抗体の抗原結合フラグメントが、Ｆａｂフラグメント、Ｆａｂ’フラグメント、Ｆ（ａｂ’）_２フラグメント、Ｆｄフラグメント、Ｆｖフラグメント、ジスルフィド連結Ｆｖ（ｄｓＦｖ）、単一ドメイン抗体および一本鎖Ｆｖ（ｓｃＦｖ）抗体からなる群から選択される、請求項１から５のいずれかに記載の抗体またはその抗原結合フラグメント。
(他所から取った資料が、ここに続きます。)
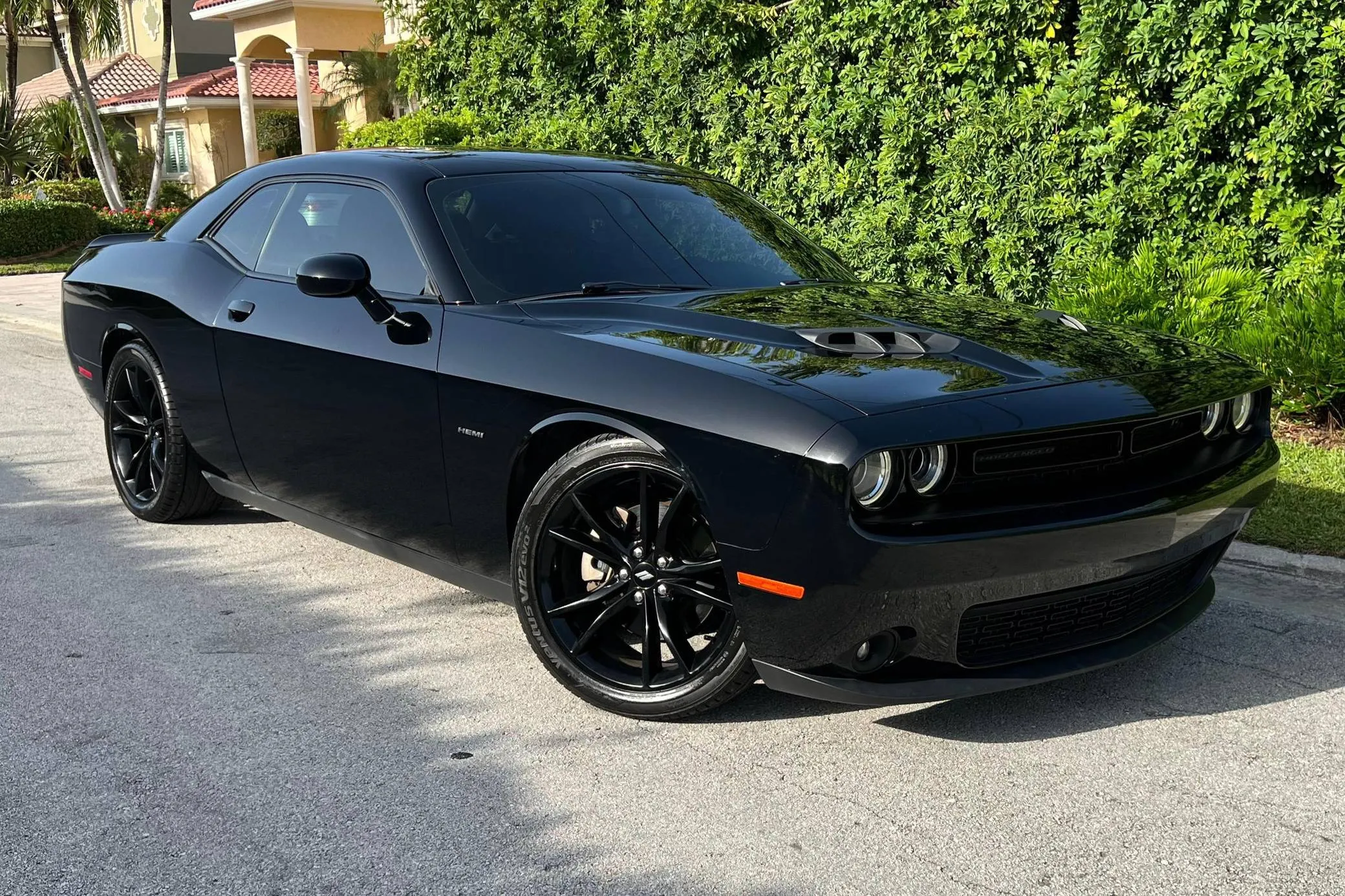 Dodge Challenger RT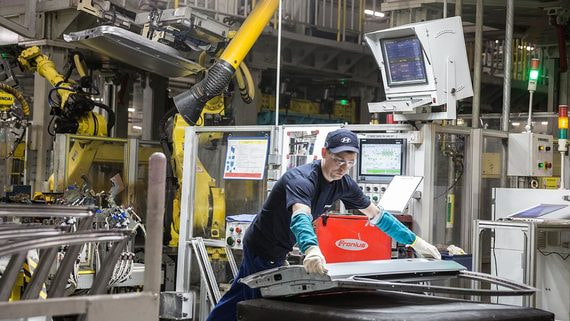 Hyundai до 2022 г. была одним из самых массовых производителей иномарок на российском рынке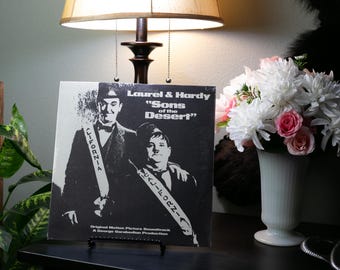 La película de Laurel y Hardy "Hijos del desierto"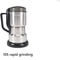 Electric Multifunctional Grinder Machine For Home Kitchen Coffee Spices Nuts Beans Cereal And Grain 6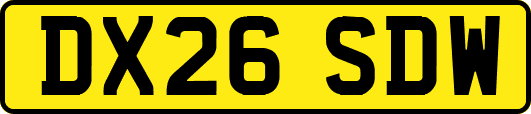 DX26SDW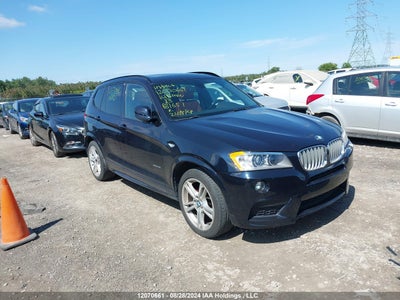 BMW X3 2014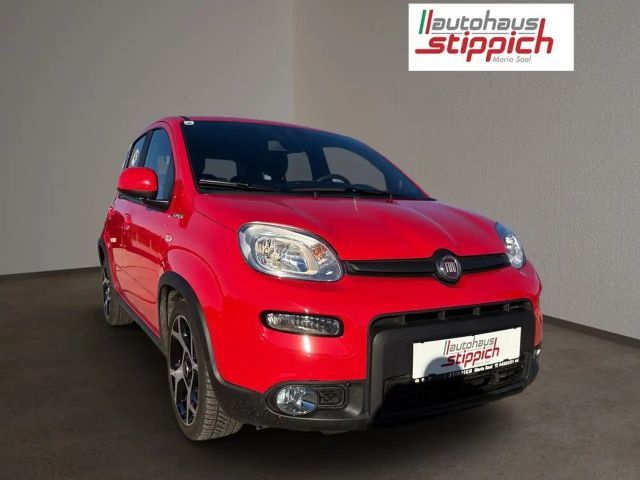 Fiat Panda Sport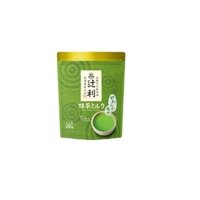 Trà xanh matcha milk 200g Nhật bản,Bột trà xanh matcha milk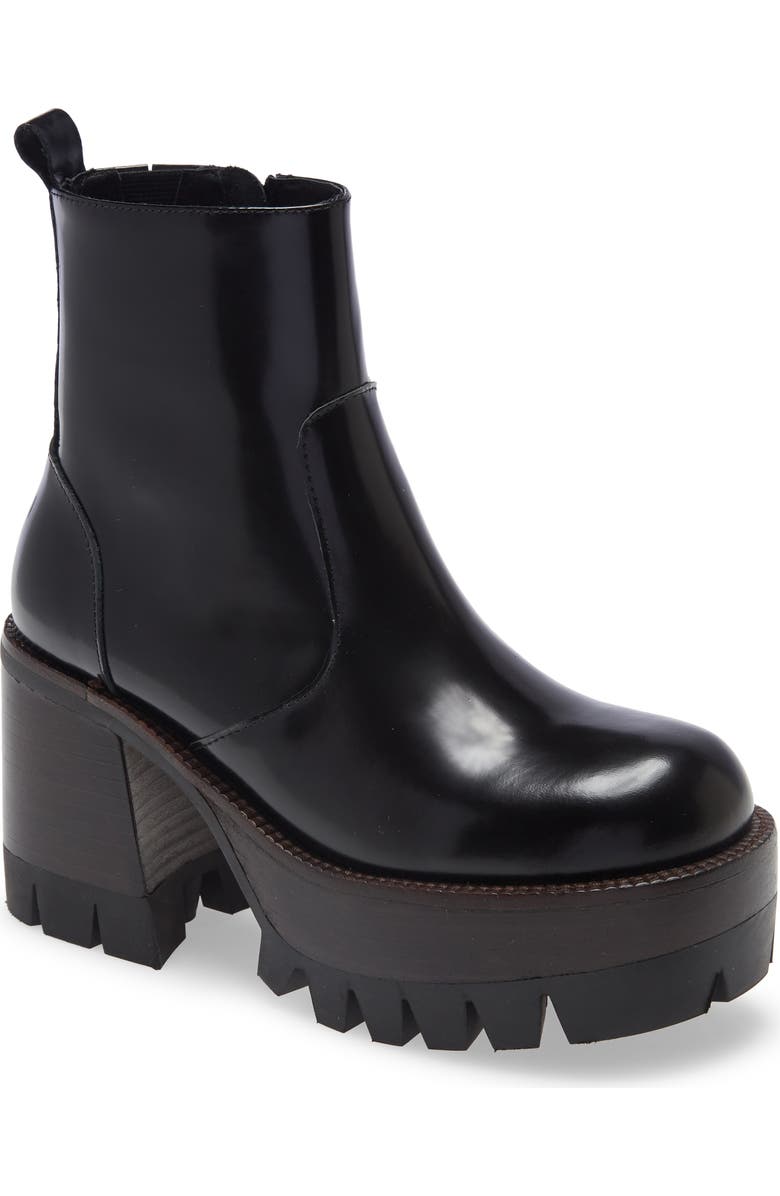 Jeffrey Campbell Quavo Platform Bootie, Main, color,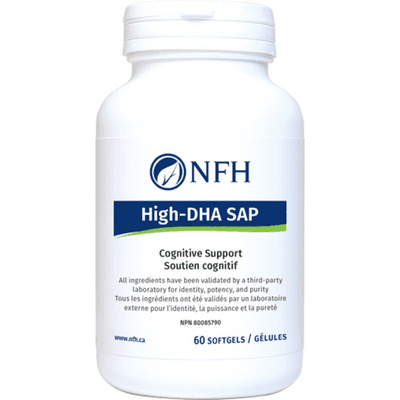 High‑DHA SAP (60 Softgels)
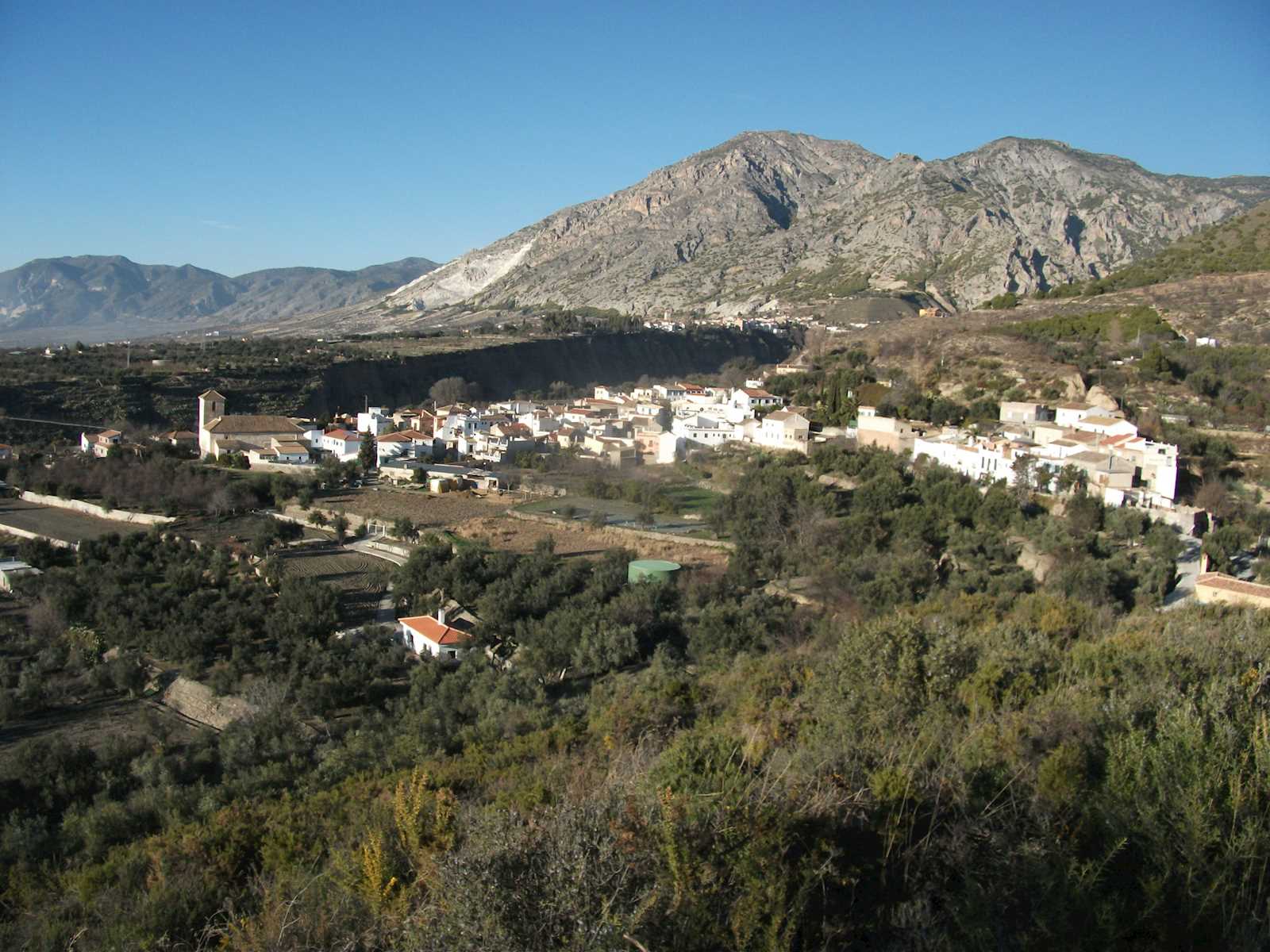 2 camera da letto Appartamento da affitare come casa vacanza in Lecrin con piscina - 150 € (Rif: 2843819)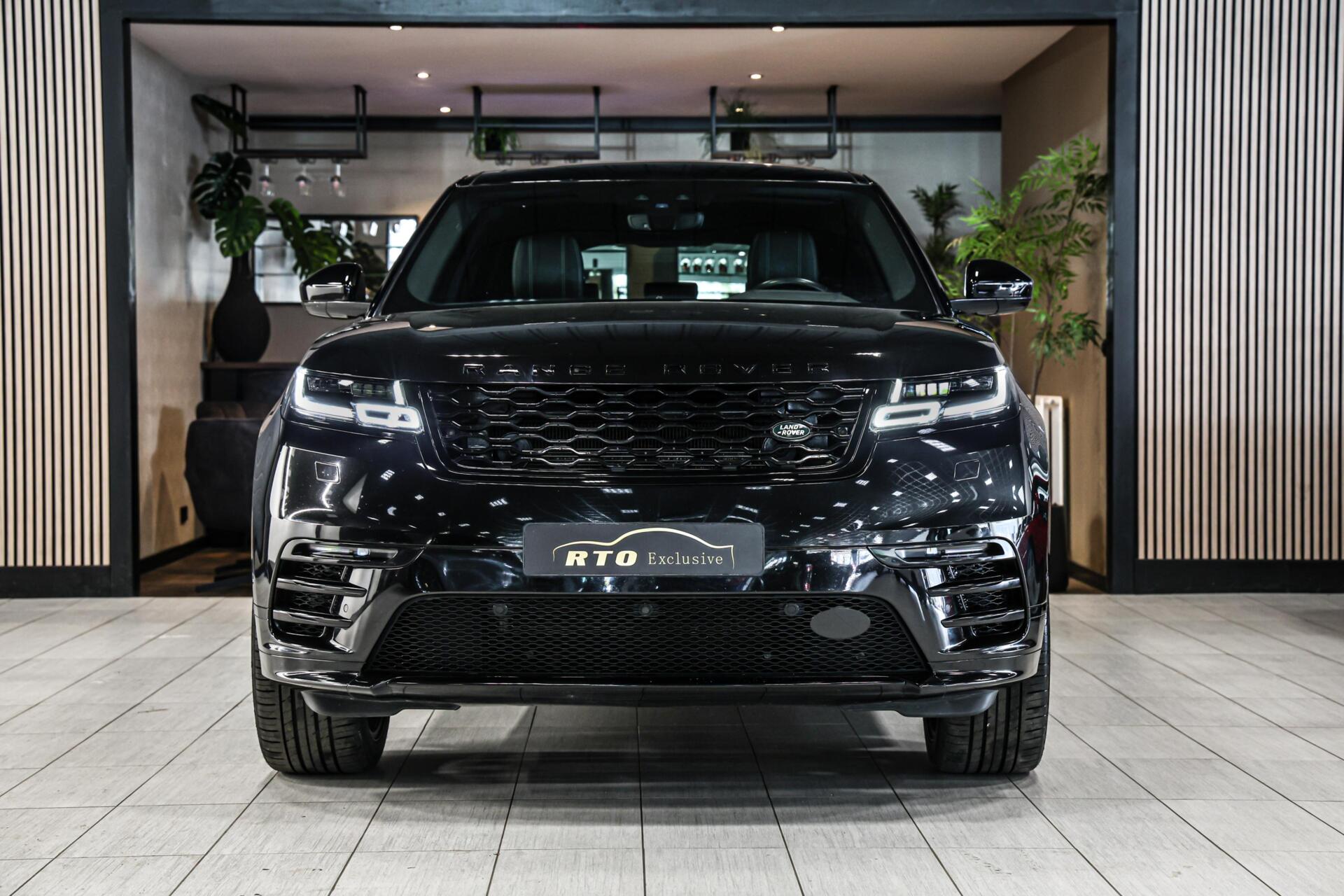 Foto van Land Rover Range Rover Velar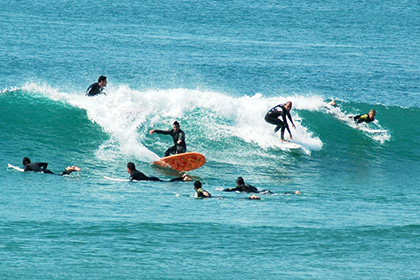 Costa da Caparica, Lisbon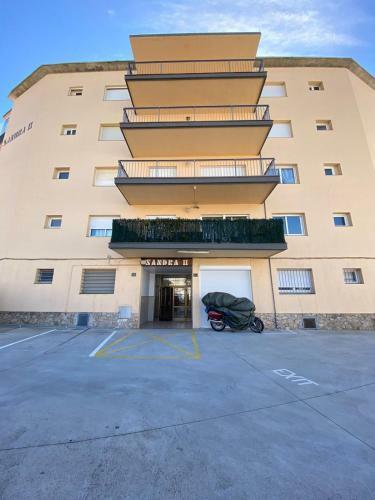 Apartamento Rnet - Sandra II C6 - Roses Santa Margarita
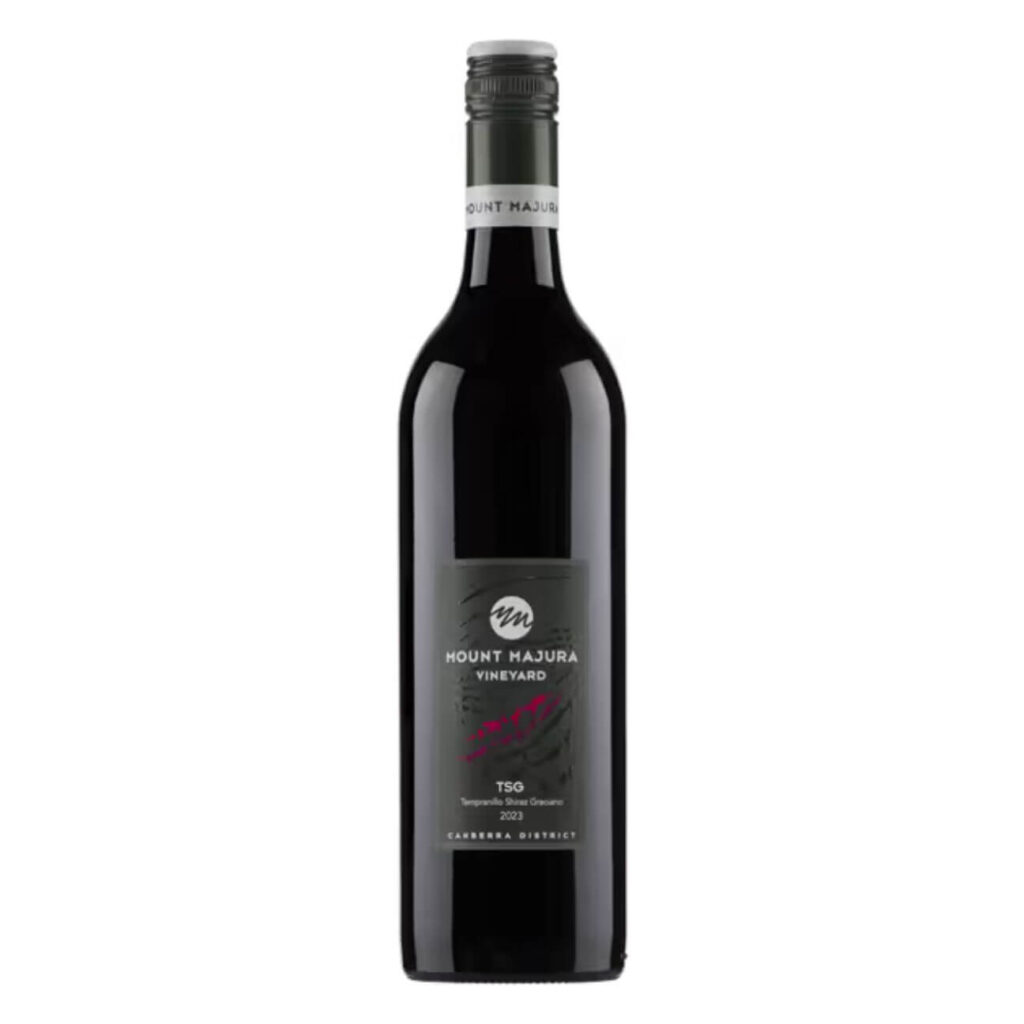 Mount Majura Vineyard TSG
請求項１から７のいずれかに記載の抗体またはその抗原結合フラグメントであって、該抗体または該その抗原結合フラグメントは、以下の特性：
－該抗体または該その抗原結合フラグメントが、１０ｎＭ以下のＫ_ｄ値でのＣ５ａへの結合定数を有する；
－該抗体または該その抗原結合フラグメントが、１つの分子Ｃ５ａによって誘導される生物学的効果に対して少なくとも７５％の遮断活性を示す；
－該抗体または該その抗原結合フラグメントが、ヒト血漿においてＣＨ５０活性を阻害しない；
－該抗体または該その抗原結合フラグメントが、ＩＦＸ－１と比較して低下した免疫原性を有する、
の１つ以上を示す、抗体またはその抗原結合フラグメント。
請求項１から８のいずれかに記載の抗体またはその抗原結合フラグメントを含み；そして
１つ以上の薬学的に許容される担体、希釈剤、賦形剤、増量剤、結合剤、滑剤、流動促進剤、崩壊剤、吸着剤、および／または防腐剤をさらに含む、
医薬組成物。
医薬における使用のための、請求項１から８のいずれかに記載の抗体またはその抗原結合フラグメント。
病理学的Ｃ５ａ活性に関連する疾患または障害の処置または予防における使用のための、請求項１から８のいずれかに記載の化合物。
疾患または障害が、
－自己免疫疾患、
－炎症性疾患、自己炎症性障害、または関連状態、
－心臓血管または脳血管障害、
－細菌感染またはウイルス感染、
－神経変性障害または関連疾患、および
－癌または前癌状態
からなる群から選択される、請求項１１に記載の使用のための化合物。